I may make you feel but I cant make you think.
Your sperms in the gutter -- your loves in the sink.
So you ride yourselves over the fields and
You make all your animal deals and
Your wise men dont know how it feels to be thick as a brick.
And the sand-castle virtues are all swept away in
The tidal destruction
The moral melee.
The elastic retreat rings the close of play as the last wave uncovers
The newfangled way.
But your new shoes are worn at the heels and
Your suntan does rapidly peel and
Your wise men dont know how it feels to be thick as a brick.

And the love that I feel is so far away:
Im a bad dream that I just had today -- and you
Shake your head and
Say its a shame.

Spin me back down the years and the days of my youth.
Draw the lace and black curtains and shut out the whole truth."
...............
Source:
http://www.lyricsfreak.com/j/jethro+..._20071158.html



Sagenhafte Truppe...!

----------


## guenny

Tja, die Tull'ss,

eine meiner absoluten Lieblingsgruppen.
Bin heute im Besitz sämtlicher jemals veröffentlichter Alben (insgesamt 25) der Jungs und habe ständig eine oder mehrere auf meinem IRIVER für unterwegs.

----------


## Willi Wacker

...ich hab da noch ne scheibe mit ner* Ballerina* mit so nem Tüll Röckchen an, 
 auf dem Cover
liegt irgendwo verschollen...

----------


## walter

Aqualung und Thick as a Brick waren schon Meilensteine in meinem unbedeuteten Musikerdasein.   ::

----------

> ...ich hab da noch ne scheibe mit ner* Ballerina* mit so nem Tüll Röckchen an, 
>  auf dem Cover
> liegt irgendwo verschollen...


"A passion play" wohl.

Die finde ich aber eher seltsam...

----------


## Willi Wacker

> "A passion play" wohl.
> 
> Die finde ich aber eher seltsam...


ooch, 
...mit *Living In The Past* und *Song for Jeffrey*
wohl aus ganz früher Zeit, 1969 oder früher

----------


## guenny

Auch wenn andere die sehr bekannten vorziehen, für mich ist Minstrel in the Gallery von '75 eine der Besten, und ich denke dass Rock Island von '89 oft verkannt wird. Empfehle mind. 3x in Ruhe hören, das Album gewinnt mit jedem Mal.

----------


## guenny

> Zitat von Auntarman
> 
> "A passion play" wohl.
> 
> Die finde ich aber eher seltsam...
> 
> 
> ooch, 
> ...mit *Living In The Past* und *Song for Jeffrey*
> wohl aus ganz früher Zeit, 1969 oder früher


Living in the Past, das braune, geprägte Dopellalbum, eine Zusammenstellung erschienen 1972. Mein erstes Tull-Album überhaupt.

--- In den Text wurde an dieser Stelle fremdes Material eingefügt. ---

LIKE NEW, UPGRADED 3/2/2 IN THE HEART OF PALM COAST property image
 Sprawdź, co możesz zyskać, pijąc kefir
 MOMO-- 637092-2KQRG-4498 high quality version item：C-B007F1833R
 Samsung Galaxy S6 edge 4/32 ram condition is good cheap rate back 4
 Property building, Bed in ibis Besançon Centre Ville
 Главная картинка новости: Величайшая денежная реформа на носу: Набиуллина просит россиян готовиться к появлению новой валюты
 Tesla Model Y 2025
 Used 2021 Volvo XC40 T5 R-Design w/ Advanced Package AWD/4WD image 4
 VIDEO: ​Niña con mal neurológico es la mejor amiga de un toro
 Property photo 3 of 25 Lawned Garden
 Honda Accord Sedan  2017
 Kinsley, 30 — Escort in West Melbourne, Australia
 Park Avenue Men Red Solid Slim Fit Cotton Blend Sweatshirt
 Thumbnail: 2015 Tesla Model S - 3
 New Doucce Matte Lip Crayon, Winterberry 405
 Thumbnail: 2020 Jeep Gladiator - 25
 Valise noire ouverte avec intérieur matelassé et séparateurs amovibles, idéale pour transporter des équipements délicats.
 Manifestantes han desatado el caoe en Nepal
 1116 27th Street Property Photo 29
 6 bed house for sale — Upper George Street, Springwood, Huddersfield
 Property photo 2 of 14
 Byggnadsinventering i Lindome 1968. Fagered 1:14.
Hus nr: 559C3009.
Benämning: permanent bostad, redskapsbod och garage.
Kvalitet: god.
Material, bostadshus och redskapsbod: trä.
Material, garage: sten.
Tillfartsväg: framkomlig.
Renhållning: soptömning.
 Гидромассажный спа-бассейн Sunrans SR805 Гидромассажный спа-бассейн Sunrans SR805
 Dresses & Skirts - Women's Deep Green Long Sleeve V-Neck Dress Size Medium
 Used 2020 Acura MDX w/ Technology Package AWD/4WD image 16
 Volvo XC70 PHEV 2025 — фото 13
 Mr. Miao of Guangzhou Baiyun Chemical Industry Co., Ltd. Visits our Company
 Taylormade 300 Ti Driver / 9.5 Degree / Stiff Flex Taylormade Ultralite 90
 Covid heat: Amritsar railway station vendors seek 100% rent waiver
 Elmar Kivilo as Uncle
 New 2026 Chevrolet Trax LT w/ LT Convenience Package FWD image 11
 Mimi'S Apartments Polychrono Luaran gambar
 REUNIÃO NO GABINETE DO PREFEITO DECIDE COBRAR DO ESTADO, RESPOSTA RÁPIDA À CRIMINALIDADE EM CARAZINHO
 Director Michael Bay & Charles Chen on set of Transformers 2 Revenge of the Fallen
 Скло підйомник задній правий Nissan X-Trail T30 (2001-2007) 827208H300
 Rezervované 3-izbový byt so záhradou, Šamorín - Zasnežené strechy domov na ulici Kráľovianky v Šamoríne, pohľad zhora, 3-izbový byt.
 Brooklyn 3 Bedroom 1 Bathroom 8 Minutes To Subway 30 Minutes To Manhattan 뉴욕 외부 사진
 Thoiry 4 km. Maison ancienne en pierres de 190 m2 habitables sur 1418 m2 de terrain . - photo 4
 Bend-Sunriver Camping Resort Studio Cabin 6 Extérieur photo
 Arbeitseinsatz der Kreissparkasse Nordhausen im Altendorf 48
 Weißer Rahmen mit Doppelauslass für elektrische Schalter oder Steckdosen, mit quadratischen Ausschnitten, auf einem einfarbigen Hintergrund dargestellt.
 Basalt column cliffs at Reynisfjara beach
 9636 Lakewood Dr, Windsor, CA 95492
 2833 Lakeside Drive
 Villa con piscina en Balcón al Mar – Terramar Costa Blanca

A Song For Jeffrey (This Was, 1968)
http://www.youtube.com/watch?v=9oK3CF33dwA

Gonna lose my way tomorrow,
gonna give away my car.
I'd take you along with me,
but you would not go so far.
Don't see what I do not want to see,
you don't hear what I don't say.
Won't be what I don't want to be,
I continue in my way.

Don't see, see, see where I'm goin',
Don't see, see, see where I'm goin',
Don't see, see, see where I'm goin' to,
I don't want to.

Everyday I see the mornin' come on in the same old way.
I tell myself tomorrow brings me things I would not dream today.

----------

> ... und ich denke dass Rock Island von '89 oft verkannt wird. Empfehle mind. 3x in Ruhe hören, das Album gewinnt mit jedem Mal.


Da zähle ich mich zu den "Verkannten". Werde mir das aber "mal zu Herzen nehmen".

Meinte mein Bruder (Hobby-Musiker) übrigens auch...

----------